The staffing model at Cheryl’s institution included four teams: two resident teams and two APP hospitalist teams. The teams didn’t provide 24/7 coveragethey covered 7am to 11pm. There was no overnight coverage; this ensured that the teams were being utilized to their fullest potential. Erin’s institution’s staffing model also included four teams. Teams A and B were covered by the residents, and teams C and D were covered by the APPs. Erin suggested utilizing the teams that were already established and shifting a person from the main campus to the pediatric service if coverage was needed in that area. The APP service was then more efficient, and used to manage FTEs and justify positions as quality metrics supported this hybrid clinical role.  

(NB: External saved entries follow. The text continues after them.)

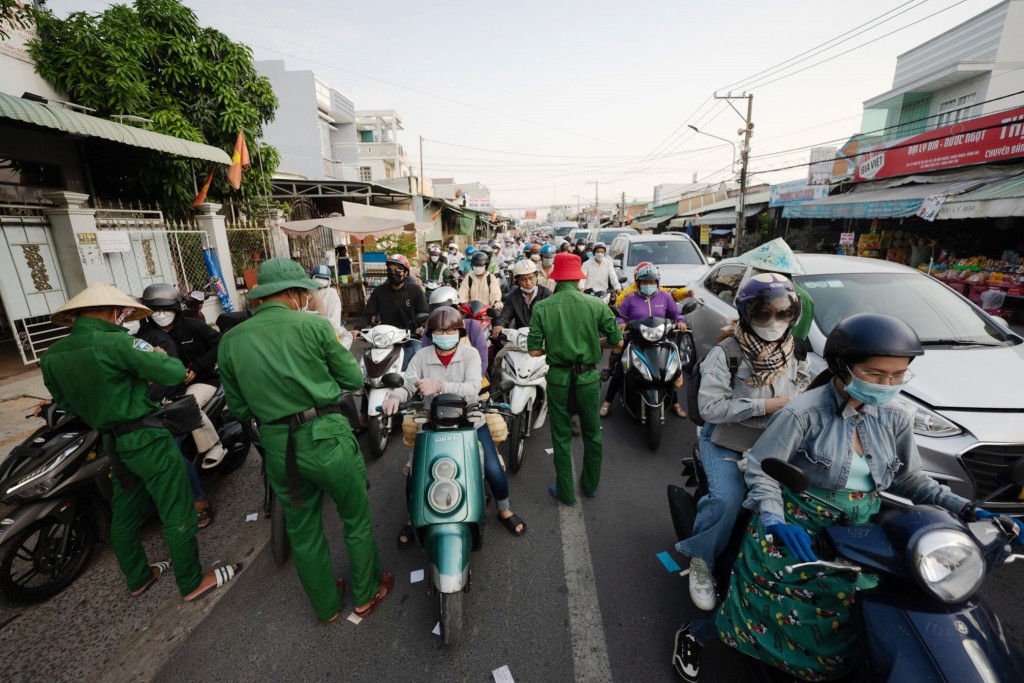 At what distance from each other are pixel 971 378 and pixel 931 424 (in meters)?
0.62

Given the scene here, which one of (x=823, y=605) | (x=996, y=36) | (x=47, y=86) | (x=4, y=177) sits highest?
(x=996, y=36)

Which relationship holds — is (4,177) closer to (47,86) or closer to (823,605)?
(47,86)

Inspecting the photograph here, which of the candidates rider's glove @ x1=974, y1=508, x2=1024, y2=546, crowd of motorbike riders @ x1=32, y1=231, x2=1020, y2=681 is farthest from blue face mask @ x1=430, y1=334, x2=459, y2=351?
rider's glove @ x1=974, y1=508, x2=1024, y2=546

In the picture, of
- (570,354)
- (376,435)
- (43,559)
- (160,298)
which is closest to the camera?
(43,559)

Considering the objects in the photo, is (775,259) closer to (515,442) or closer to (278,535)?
(515,442)

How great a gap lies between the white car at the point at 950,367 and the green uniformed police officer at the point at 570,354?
1.82 metres

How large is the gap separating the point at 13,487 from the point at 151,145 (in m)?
6.25

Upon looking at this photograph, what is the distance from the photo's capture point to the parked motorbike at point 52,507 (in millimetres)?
2684

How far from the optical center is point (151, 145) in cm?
693

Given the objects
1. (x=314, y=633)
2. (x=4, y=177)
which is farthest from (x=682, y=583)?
(x=4, y=177)

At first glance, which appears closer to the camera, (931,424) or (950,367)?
(931,424)

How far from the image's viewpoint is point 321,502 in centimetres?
251

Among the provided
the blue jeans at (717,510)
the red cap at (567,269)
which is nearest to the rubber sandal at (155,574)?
the blue jeans at (717,510)

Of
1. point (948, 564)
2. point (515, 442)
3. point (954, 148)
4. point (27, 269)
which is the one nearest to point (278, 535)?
point (515, 442) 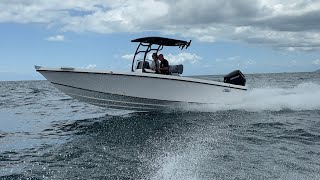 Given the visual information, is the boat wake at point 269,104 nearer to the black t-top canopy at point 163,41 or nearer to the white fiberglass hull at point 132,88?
the white fiberglass hull at point 132,88

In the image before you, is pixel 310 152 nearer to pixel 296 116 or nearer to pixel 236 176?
pixel 236 176

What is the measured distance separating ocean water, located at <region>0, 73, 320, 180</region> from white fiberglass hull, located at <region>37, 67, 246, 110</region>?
1.88 ft

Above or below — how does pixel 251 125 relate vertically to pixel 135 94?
below

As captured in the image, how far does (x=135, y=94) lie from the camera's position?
12.7 m

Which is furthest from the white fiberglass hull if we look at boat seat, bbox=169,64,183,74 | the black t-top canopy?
the black t-top canopy

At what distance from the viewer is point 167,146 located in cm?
839

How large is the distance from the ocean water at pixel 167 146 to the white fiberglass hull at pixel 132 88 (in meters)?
0.57

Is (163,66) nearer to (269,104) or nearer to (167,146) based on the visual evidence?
(167,146)

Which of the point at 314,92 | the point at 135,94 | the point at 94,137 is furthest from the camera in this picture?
the point at 314,92

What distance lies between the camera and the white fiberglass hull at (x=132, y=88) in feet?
39.5

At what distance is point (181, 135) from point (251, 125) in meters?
2.74

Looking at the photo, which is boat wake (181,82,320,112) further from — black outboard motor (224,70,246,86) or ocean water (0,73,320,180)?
black outboard motor (224,70,246,86)

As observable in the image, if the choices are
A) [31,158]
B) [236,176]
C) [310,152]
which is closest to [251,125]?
[310,152]

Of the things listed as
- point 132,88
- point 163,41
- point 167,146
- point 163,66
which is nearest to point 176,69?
point 163,66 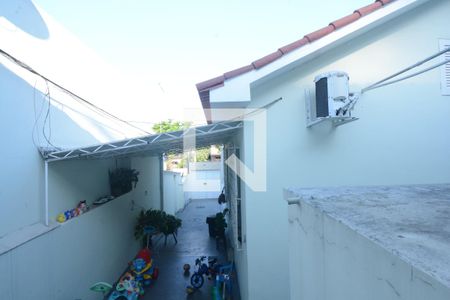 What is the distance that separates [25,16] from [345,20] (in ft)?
19.5

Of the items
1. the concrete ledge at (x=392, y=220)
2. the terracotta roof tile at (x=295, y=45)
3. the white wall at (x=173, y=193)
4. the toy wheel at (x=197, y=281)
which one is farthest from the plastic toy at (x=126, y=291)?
the white wall at (x=173, y=193)

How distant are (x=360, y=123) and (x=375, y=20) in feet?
6.07

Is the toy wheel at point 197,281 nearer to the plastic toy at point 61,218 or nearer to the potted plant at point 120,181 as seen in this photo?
the potted plant at point 120,181

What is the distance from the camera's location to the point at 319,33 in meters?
4.67

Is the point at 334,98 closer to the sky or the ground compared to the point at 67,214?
closer to the sky

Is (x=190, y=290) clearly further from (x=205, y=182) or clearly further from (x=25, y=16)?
(x=205, y=182)

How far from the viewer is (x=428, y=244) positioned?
1.35m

  1. Continuity of Care: APPs can provide continuity of care, but are not satisfied with a resident replacement role. They thrive and provide the highest value when they are given time to engage in quality, research or education projects for professional development. Neither St. Louis Children’s or Levines Children’s are at the point where they provide the time for professional development. Cheryl had the opportunity to create an APP-only service, which provided patient continuity. The resident replacement role was not satisfying for the APPs due to the lack of continuity of care, but the inpatient and hybrid APPs felt they had visit-to-visit continuity. For example, the same APP would cover inpatient and outpatient for the transplant service. Not only did this provide the APP with more role satisfaction, it also provides the patient with better continuity of care. 

 

  • Billing: When billing is optimized for the APP, the organization is able to capture more patient payments for service. As such, APPs also bring in more revenue for the institution. In addition, APPs who bill for their services experience a higher level of visibility and respect within the organization. At St. Louis, the APPs could do procedures independently, but were not billing for them yet. Cheryl felt that more education was needed on the unit in regards to billing. Not billing for services was found to lead to job dissatisfaction.

 

     Some considerations are: 

 

  • Support:  Both Erin and Cheryl believe that both being supported in their leadership roles, as well as ensuring that they support the APP leaders who report to them, are critical components to building a service line of APP hospitalists. Both nursing and medicine can play a role in pushing forward initiatives in their respective domains. Though it is the responsibility of nursing leadership to help APPs grow both personally and professionally, the Chief Medical Officer should also help APPs partner with physician leadership. In doing so, the role of the APP is better communicated and institutions can build strong, collaborative teams which foster the development of the APP role and captures all billing. When necessary, APPs could also have their own service line in order to strengthen advanced provider services.  

 

 

  • Unit-focused or hospital-wide: Many organizations start with unit-focused APPs. For example, at Cheryl’s organization APP hospitalists were unit-focused and a core group in the service would not rotate, however some of the APPs could cross cover patients on the neurology or medicine services. This allowed for greater flexibility to staffing demands.  For instance, inpatient hospitalist APP could be called to perform all the procedures, such as lumbar punctures. New APP hospitalist programs should consider starting with unit-focused APPs and expand as their team grows both in size and comfort with the role.

 

     In conclusion, regardless of the reporting structure, key stakeholders in the organization need to be supportive of the advanced practice providers. The APPs need to understand what their role is, have adequate staffing ratios, and be recognized as a valuable part of the team. The APP leader should align with the Vice-President of Nursing and the Chief Medical Officer to make sure that goals are aligned. It is essential that she or he is supportive of the staff’s personal and professional goals, as this support does indeed have the power to trickle down and influence job satisfaction for all APPs.